▶ _What is being asked_: Below is a listing with pictures. Repeat exactly the lines starting at the one holding "Terminator Dark background" and going on through the one holding "TIGHTBOOTH PRODUCTION（タイトブースプロダクション）TIGHTBOOTH PRODUCTION", and leave every picture out.

▶ _Data_:
********************

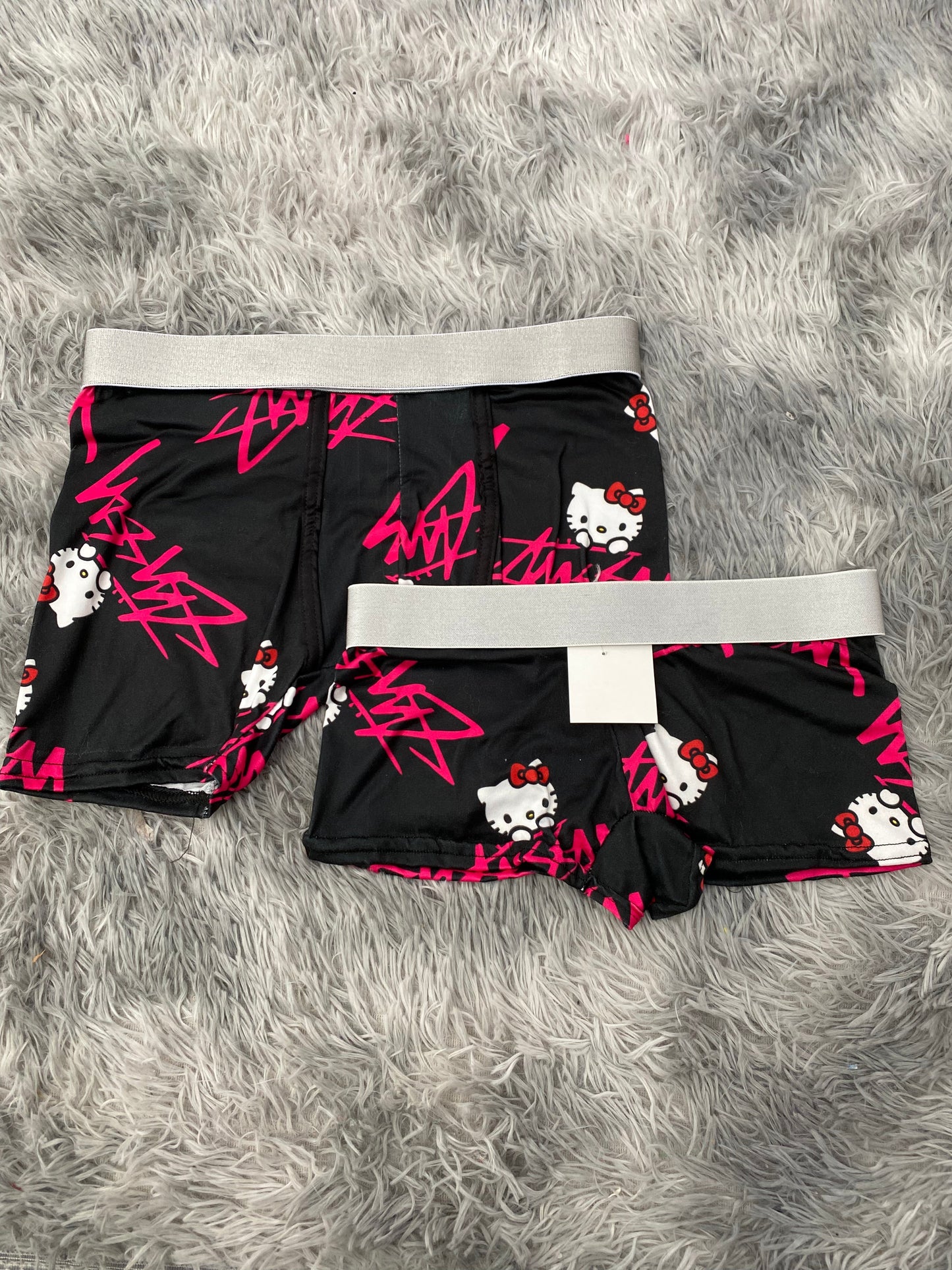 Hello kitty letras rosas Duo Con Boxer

********************

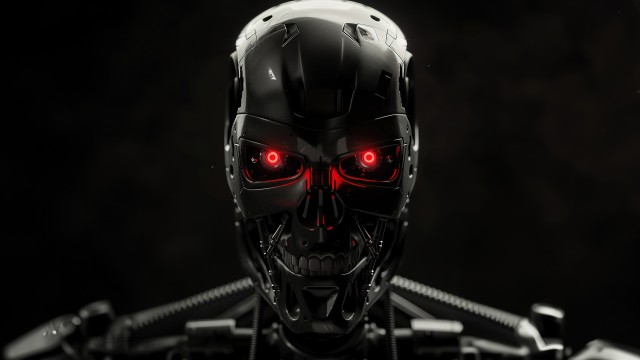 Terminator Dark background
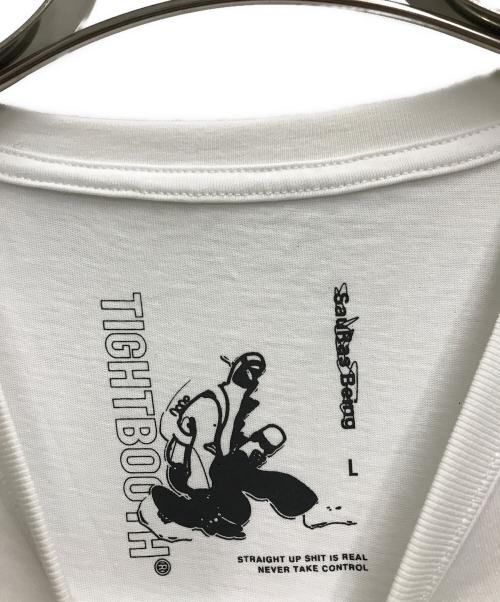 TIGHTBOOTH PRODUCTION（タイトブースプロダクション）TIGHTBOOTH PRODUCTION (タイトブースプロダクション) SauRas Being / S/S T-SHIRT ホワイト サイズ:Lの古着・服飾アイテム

********************

▶ _Output of the exercise_:
 Terminator Dark background
 TIGHTBOOTH PRODUCTION（タイトブースプロダクション）TIGHTBOOTH PRODUCTION (タイトブースプロダクション) SauRas Being / S/S T-SHIRT ホワイト サイズ:Lの古着・服飾アイテム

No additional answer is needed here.